#### Records to process
_ _ _ _ _
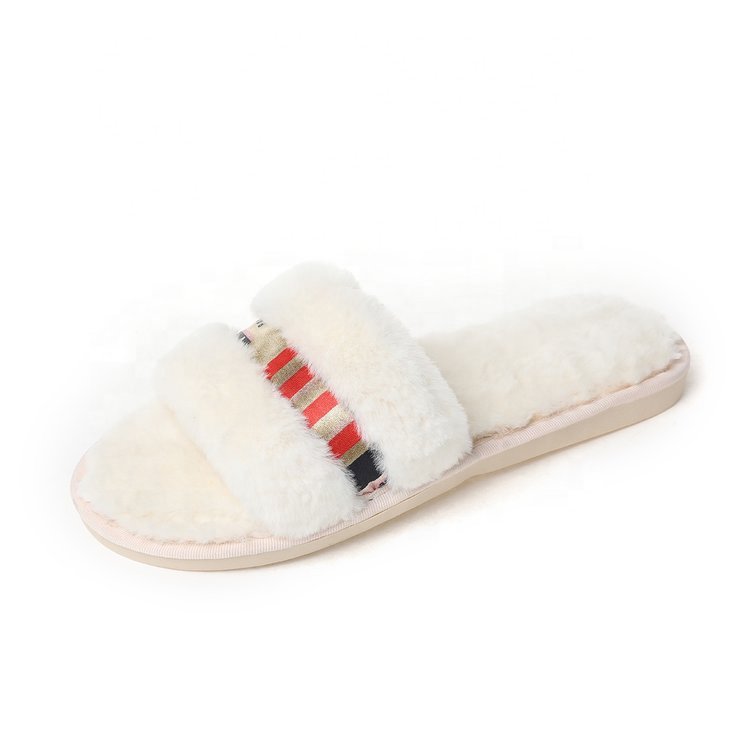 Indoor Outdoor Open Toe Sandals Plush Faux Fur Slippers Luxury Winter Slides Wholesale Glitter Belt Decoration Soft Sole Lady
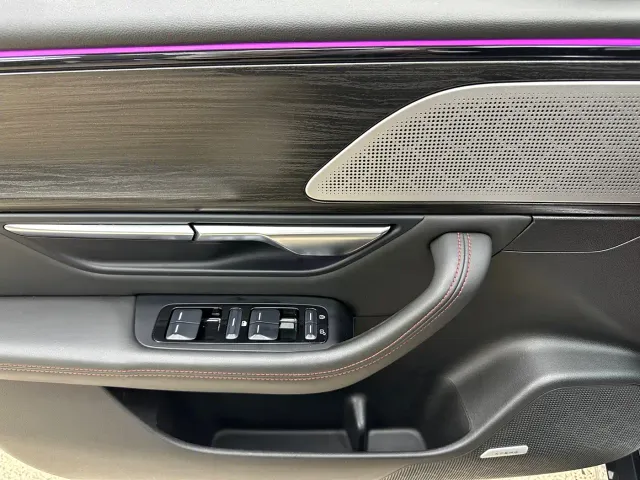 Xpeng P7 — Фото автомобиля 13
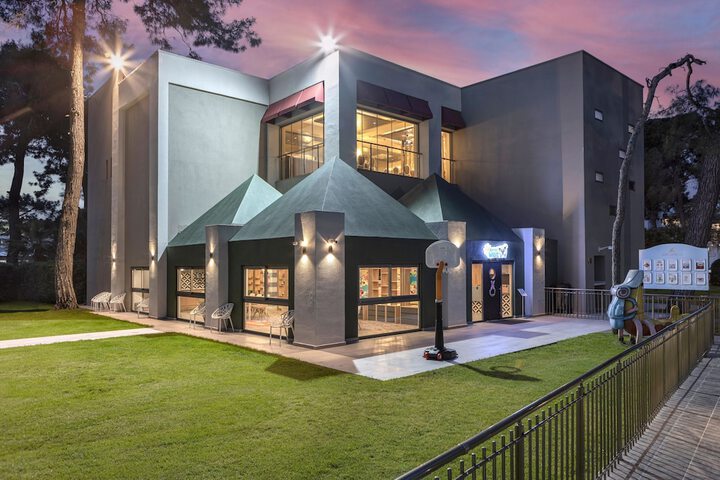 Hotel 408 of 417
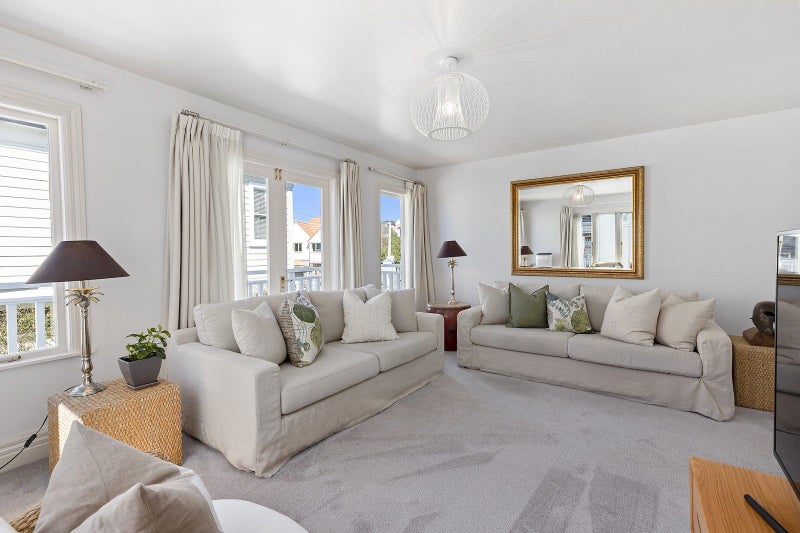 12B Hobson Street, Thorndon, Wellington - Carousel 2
_ _ _ _ _
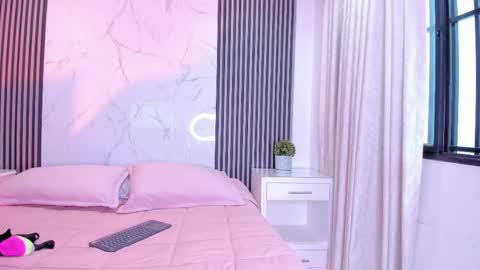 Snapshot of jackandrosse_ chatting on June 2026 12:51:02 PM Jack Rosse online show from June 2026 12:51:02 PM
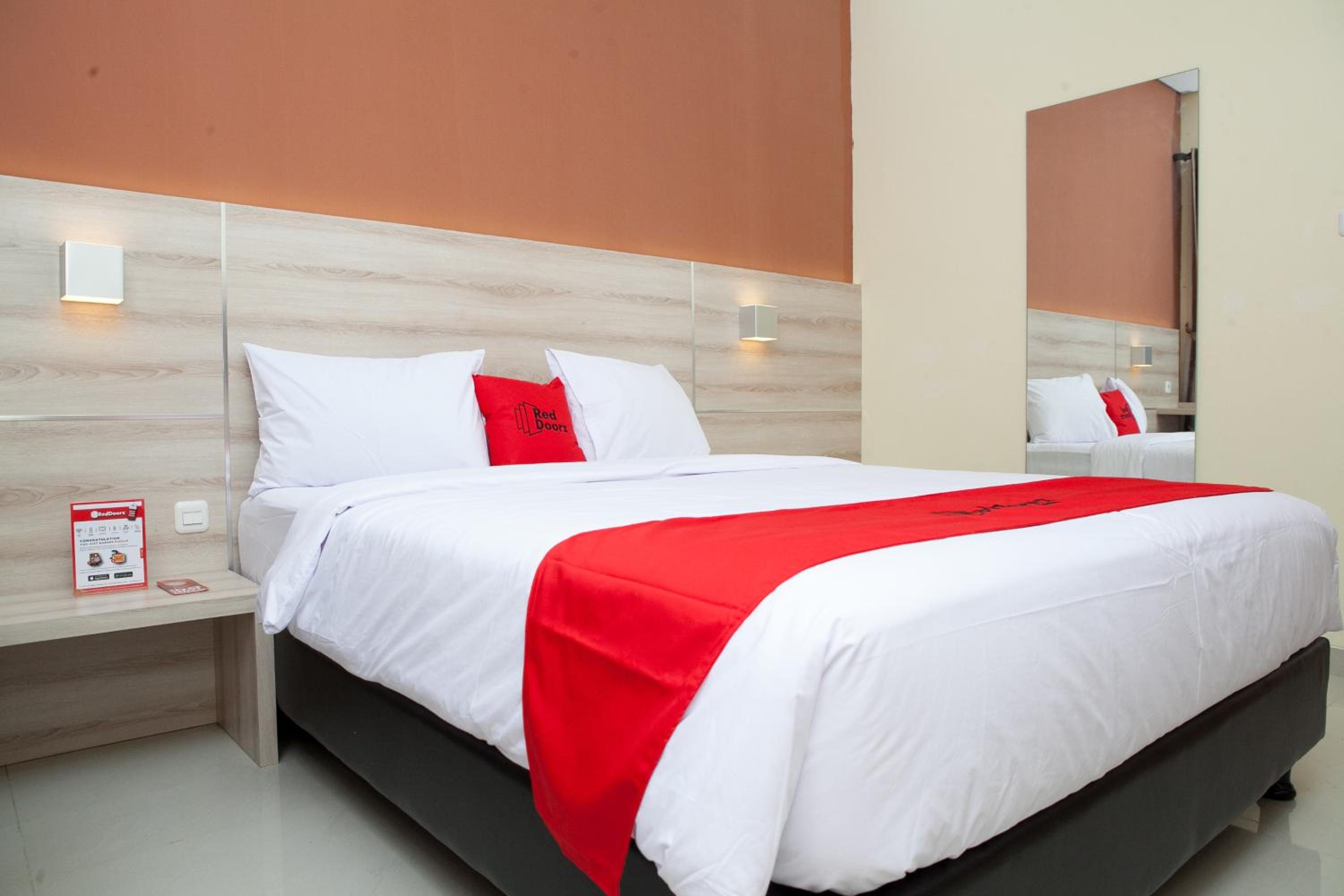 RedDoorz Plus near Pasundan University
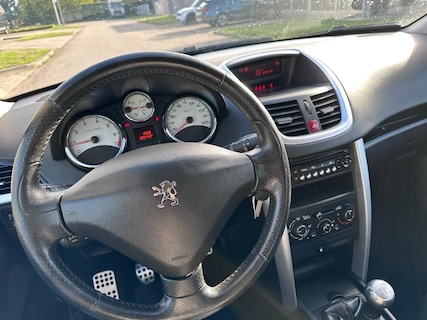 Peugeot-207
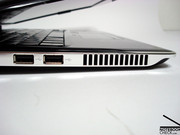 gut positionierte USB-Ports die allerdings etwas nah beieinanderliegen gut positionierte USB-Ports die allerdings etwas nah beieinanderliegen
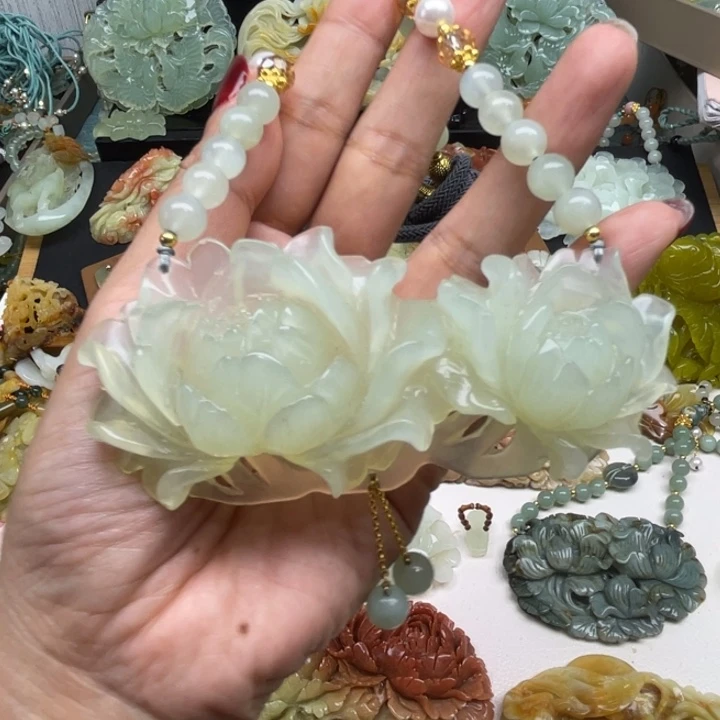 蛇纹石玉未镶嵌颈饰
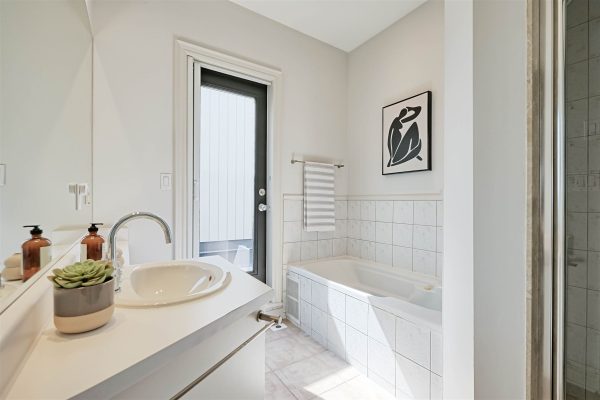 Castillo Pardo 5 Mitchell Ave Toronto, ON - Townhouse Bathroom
_ _ _ _ _
#### About this exercise
Only one part of the material above is wanted: the lines from the one with "Hotel 408 of 417" up to and including the one with "12B Hobson Street, Thorndon, Wellington". Please copy them exactly, pictures left out.

#### Completed exercise
 Hotel 408 of 417
 12B Hobson Street, Thorndon, Wellington - Carousel 2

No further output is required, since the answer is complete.